Of course, there are also many sights that were not included in yesterday’s tour. One attraction received international fame due to the film “Memoirs of a Geisha”, namely the Fushimi Inari head shrine. The paths leading up to the shrine are flanked by vermilion gates, as if forming long pergolas. The gates are donated by a variety of people, and the donators’ names are written in black characters on the gate. A completely unique mood rests over the shrine, which holds about 10,000 vermilion gates in all.

Another sight, which also practically is a must-see, is the Golden Pavilion, Kinkakuji. The Golden Pavilion is Kyoto’s most iconic sight. The 3-story building sits with a façade facing a lake, making it a breath-taking sight when light hits the building and casts a reflection in the water.

Kyoto is known all over Japan for its culinary delights. Therefore, there is a wealth of excellent restaurants and exciting food markets, such as Nishiki. We recommend giving a cooking lesson a try.

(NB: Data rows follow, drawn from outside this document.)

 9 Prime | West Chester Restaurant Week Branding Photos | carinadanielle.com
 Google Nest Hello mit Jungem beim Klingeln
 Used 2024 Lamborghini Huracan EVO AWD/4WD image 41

For an extra fee, you can take part in an extra excursion today:

Overnight stay The B Kyoto Shijo 

Day 5: Kyoto – Tokyo by Shinkansen, guided tour of Tokyo
Day 5: Kyoto – Tokyo by Shinkansen, guided tour of Tokyo

Today you put the cultural stronghold, and Japan’s heart, Kyoto behind you, and continue on to Tokyo, which is considered to be the brain of Japan.

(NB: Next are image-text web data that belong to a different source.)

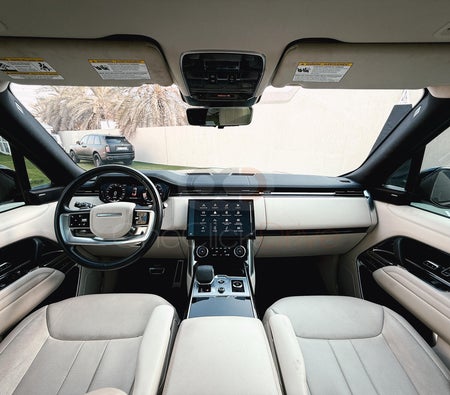 White Land Rover Range Rover Vogue 2023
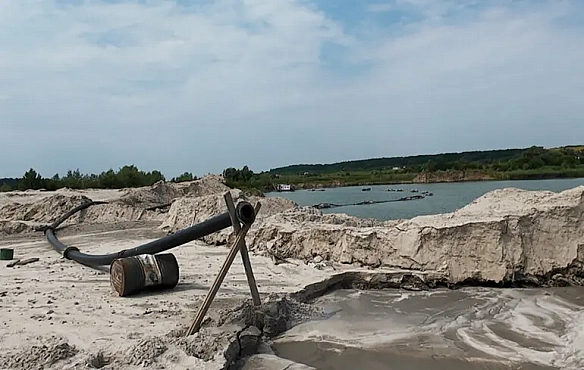 we.ua - На Київщині незаконний видобуток піску мало не спричинив екокатастрофу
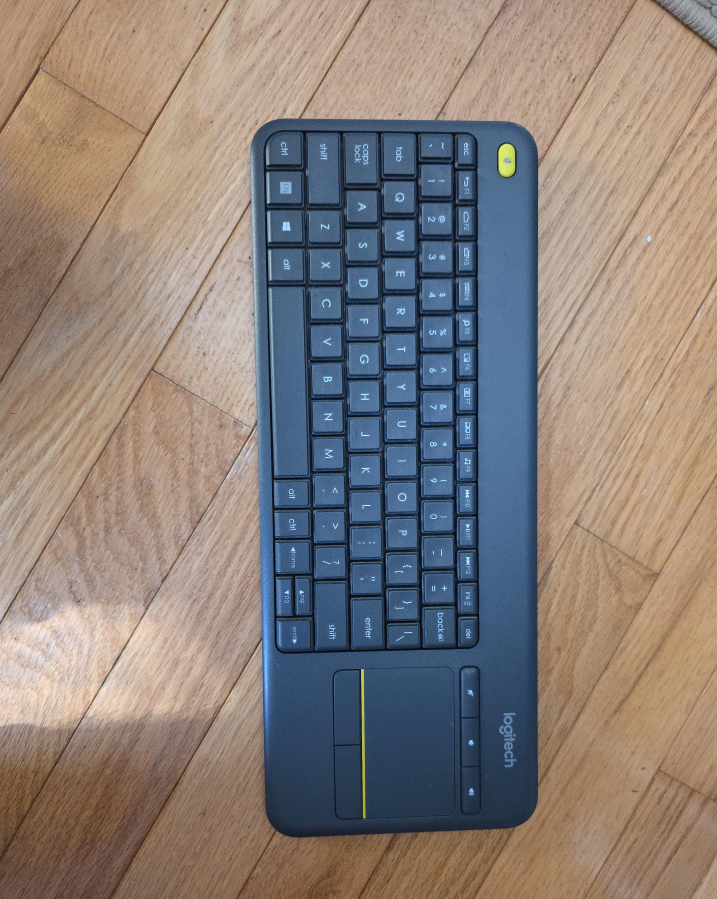 Logitech K400 Plus Wireless Touch Keyboard thumbnail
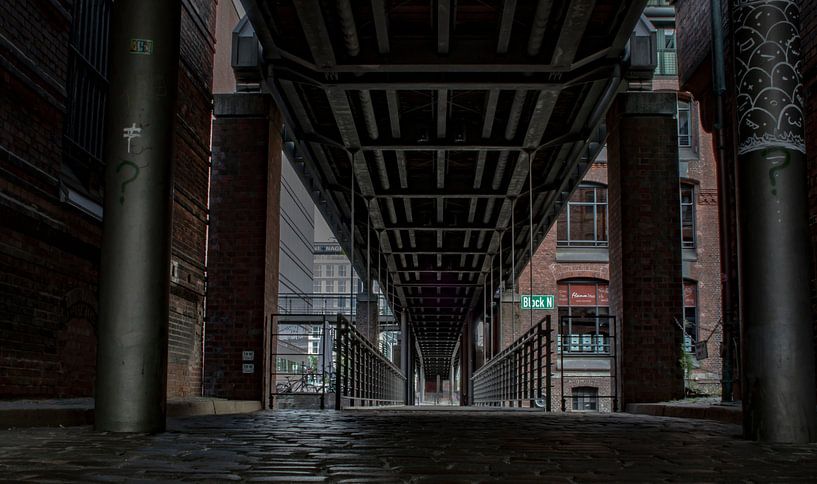 Speicherstadt Look-through by Danny Verhalle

You travel by the high-speed Shinkansen bullet train, which has its own platform at each of its stops. Travelling by train in Japan is quite an experience. The bullet trains pull 6, 8, 12 or 18 cars. The information signs at the station show how many cars each train is pulling. When you are down at the platform, the platform itself is marked to show you exactly where your car will arrive. And the train stays within a few centimetres of the marking. After all, icons are painted on the platform for the train length, e.g. “6 cars – car 5” or “12 cars – car 3”. So once you get an eye for the system, it’s very convenient. The Japanese furthermore have a wonderful queuing culture. You neatly get in line at the relevant platform icon, and walk calmly and quietly into the train in the same order you arrived in – no rushing ahead or jumping the queue!

The trains run very punctually throughout Japan, and if there is a delay of more than a few minutes, it becomes a major topic of discussion on the train and will be noted in national news on TV and on the radio.

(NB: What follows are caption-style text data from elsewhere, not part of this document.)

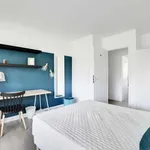 Rent a room in paris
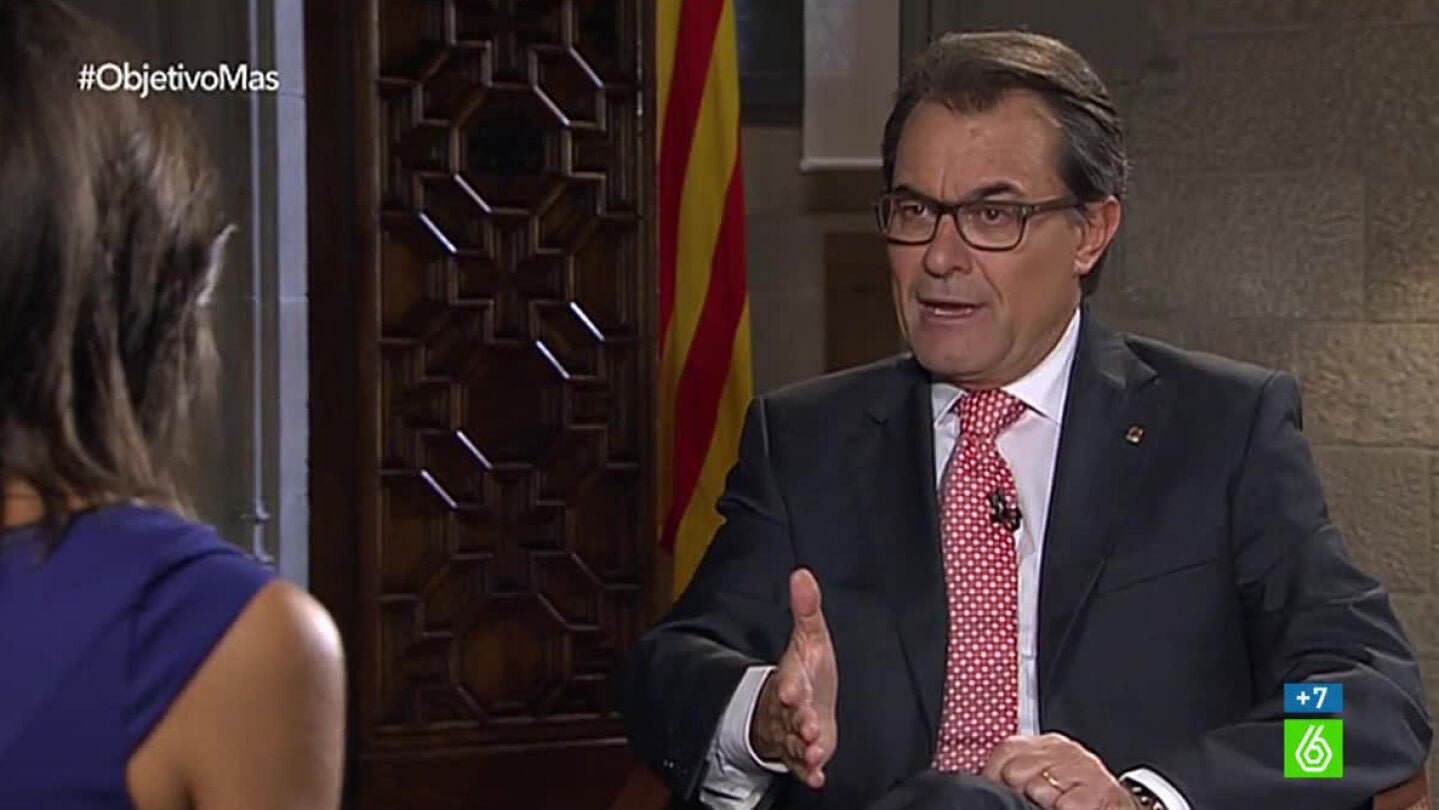 8 Artur Mas plano medio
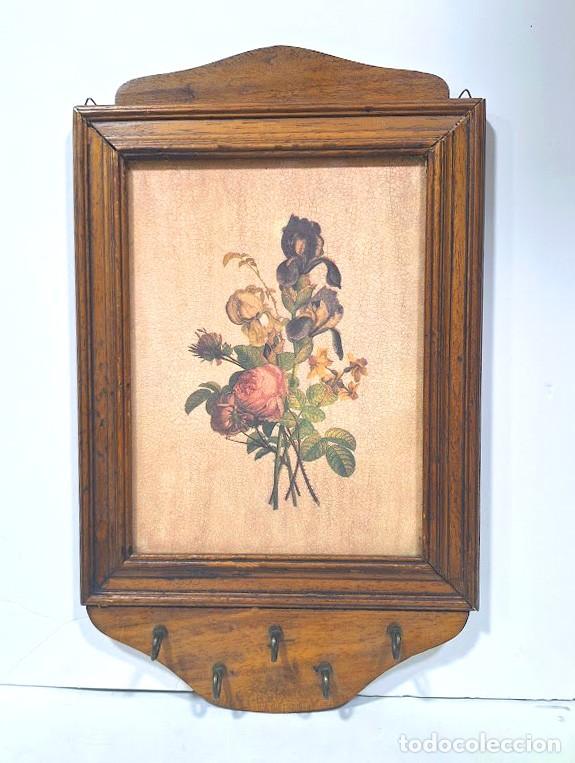 Antig&uuml;edades: Colgador llaves madera antiguo con flores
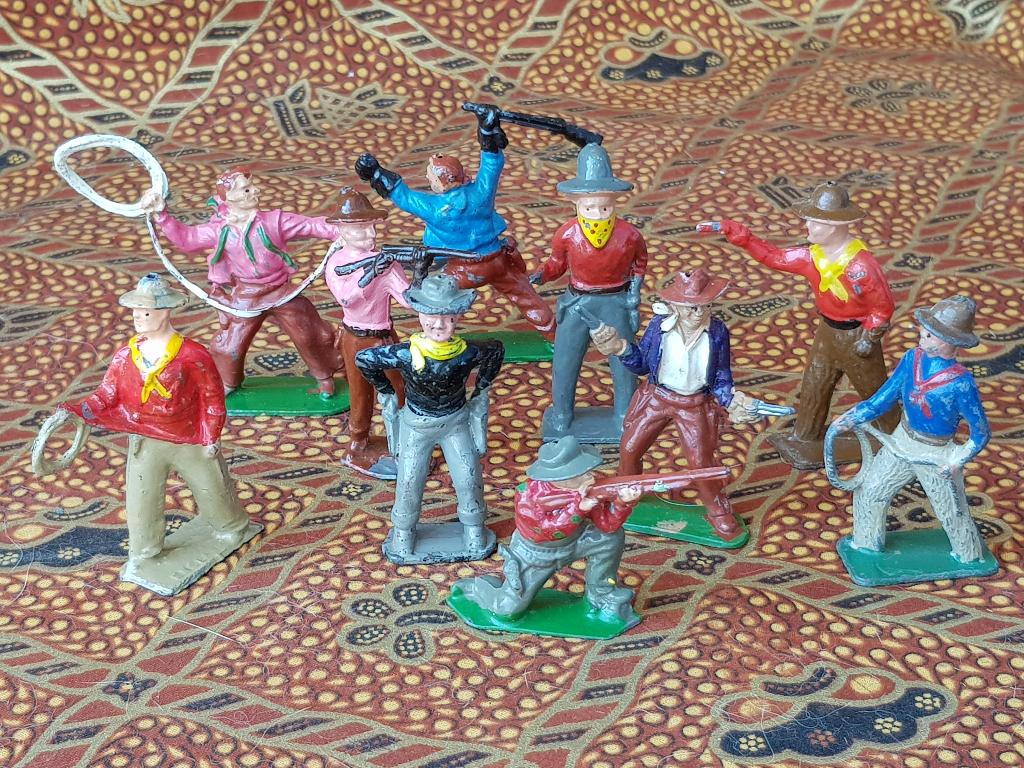 Tien cowboys oud speelgoed uit Engeland van tin., Antiek en Kunst, Ophalen of Verzenden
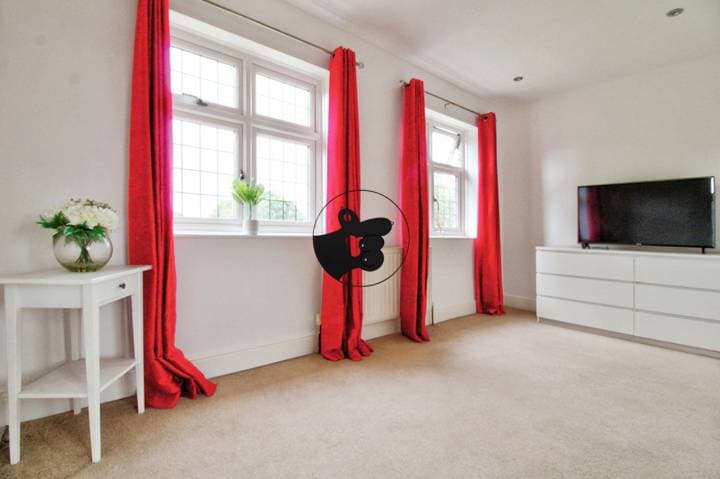 4 bedrooms house for sale in Hornchurch, United Kingdom - Image 49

These are 514 kilometres from Kyoto Station to Tokyo Station. This distance is covered by the Shinkansen in just over 2 hours.

When you arrive in Tokyo, your guide will be waiting for you on the platform to accompany you to the hotel. You take the metro from the station to the hotel, using your IC card issued at the welcome meeting on day 2.

Once you have checked in at the hotel, there will be a guided city tour of the metropolis of Tokyo in the afternoon. The guided half-day tour begins in Shibuya. Shibuya is famous for many things: 1) a hot shopping district for fashion and accessories, 2) the home of new, cutting-edge fashion designers and trend-setting entertainment, and not least 3) Tokyo’s most famous and photogenic street crossing, which thousands of busy people cross when they get the green light to walk, while drivers from all directions have to stop for red.

Afterwards, the tour continues to Harajuku, another one of Tokyo’s fashion capitals. One of Harajuku’s famous streets is Takeshita Dori, which with its side alleys has become a stronghold of teenage culture. The street is packed with young people dressed in fantastically colourful clothes here, and it seems that although basically anything goes, they are always very well-dressed.

The afternoon concludes with a visit to a department store, where the basement floor sells produce exhibited like small works of art. It is an experience all on its own to see how packaging is a part of the shopping experience.

Overnight stay Citadine Shinjuku 

Day 6: Guided full-day excursion in Tokyo
Day 6: Guided full-day excursion in Tokyo

Today there is a guided full-day excursion. To make it easy to get around, the tour is based around the public transport system.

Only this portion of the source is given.